Blimey, it was just a joke. It seemed clear from the post that the poster had not read the article (actually he had and the post was intended ironically). Also, on Slashdot people joke all the time about how nobody ever reads the articles. "Read the article? You must be new here."

"Do any of you actually visit Slash any more? Or are you to busy sucking up to Eugenia?"

"Sucking up to Eugenia" sounds so harsh! I prefer to think of it as "getting on Eugenia's good side".

"Anyway... Back on topic. I found Zeroinstall to be a neat idea when I tried it, but I had problems using it from behind my firewall at work."

That's strange. I'm pretty sure Zero-Install uses nothing but standard http connections to download stuff. So if you can browse the web, you should be able to use Zero-Install. Are you sure nothing went wrong during the installation?

Being how software is developed now.
by linux benefiter on Mon 5th Apr 2004 16:40 UTC

Wouldn't this be unpractical without some kind of clever update tool? FOSS gets updated pretty often (atleast the bigger programs.) I don't see how anyone other than Microsoft, or SUN, or some other massive corporation can afford the constant high-bandwidth costs.

"Wouldn't this be unpractical without some kind of clever update tool?"

It works like your web browser. When you click on a program, you'll have the cached version run. If you click the Refresh toolbar button in your filer then a progress box appears briefly and after that you'll get the latest version.

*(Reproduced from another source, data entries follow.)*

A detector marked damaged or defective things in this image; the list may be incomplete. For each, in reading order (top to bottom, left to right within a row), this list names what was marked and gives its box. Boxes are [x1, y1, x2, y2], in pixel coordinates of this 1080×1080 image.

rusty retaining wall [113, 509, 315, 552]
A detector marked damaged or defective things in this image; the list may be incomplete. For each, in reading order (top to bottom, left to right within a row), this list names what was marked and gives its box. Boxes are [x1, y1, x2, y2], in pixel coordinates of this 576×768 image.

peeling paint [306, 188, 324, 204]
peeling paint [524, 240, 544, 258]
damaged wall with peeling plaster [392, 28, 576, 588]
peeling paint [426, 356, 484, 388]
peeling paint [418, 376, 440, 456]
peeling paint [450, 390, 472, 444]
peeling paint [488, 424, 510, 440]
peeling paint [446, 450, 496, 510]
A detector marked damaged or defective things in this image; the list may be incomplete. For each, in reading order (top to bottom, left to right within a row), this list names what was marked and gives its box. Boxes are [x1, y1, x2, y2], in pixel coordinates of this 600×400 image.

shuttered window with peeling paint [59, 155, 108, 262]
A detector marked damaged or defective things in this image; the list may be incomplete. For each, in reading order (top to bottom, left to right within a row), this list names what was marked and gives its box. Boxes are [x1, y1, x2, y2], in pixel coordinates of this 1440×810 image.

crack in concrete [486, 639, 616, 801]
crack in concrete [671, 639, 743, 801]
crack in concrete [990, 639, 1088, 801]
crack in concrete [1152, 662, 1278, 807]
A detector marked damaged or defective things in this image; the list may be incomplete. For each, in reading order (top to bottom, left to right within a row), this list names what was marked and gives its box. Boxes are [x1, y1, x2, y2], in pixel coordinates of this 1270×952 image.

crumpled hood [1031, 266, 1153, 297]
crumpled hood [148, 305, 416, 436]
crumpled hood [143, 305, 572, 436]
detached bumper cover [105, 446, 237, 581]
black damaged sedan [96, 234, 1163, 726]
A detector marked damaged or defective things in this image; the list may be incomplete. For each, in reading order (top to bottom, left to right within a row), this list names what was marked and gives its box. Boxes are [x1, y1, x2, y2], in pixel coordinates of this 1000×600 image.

(if you don't have a graphical filer that supports this, you can run the 0refresh command from the shell instead)

Clicking Refresh only updates the index (so the system knows the new version exists). The new version is actually fetched the first time you run it.

Note that previous versions are still available. Refreshing just lets the system know about newer versions. There are some screenshots showing how the multi-version thing works in the freshmeat editorial about it:

http://freshmeat.net/articles/view/1049/

(see "Upgrading software")

"FOSS gets updated pretty often (atleast the bigger programs.) I don't see how anyone other than Microsoft, or SUN, or some other massive corporation can afford the constant high-bandwidth costs"

Unless this system encourages people to upgrade more often, the load is no higher. Also, only the index has to come from the master server. Peer-to-peer and mirrors can be used for the data (MD5 sums are in the index).

Also, the amount downloaded is typically less.
When I 'apt-get upgrade' my dad's Debian system when I'm home, it fetches a few hundred Mb of programs. Much of this data won't even be accessed until I do another upgrade next holiday (but I want it upgraded just in case he does use it). Zero Install only fetches what you actually use, so you usually end up downloading less.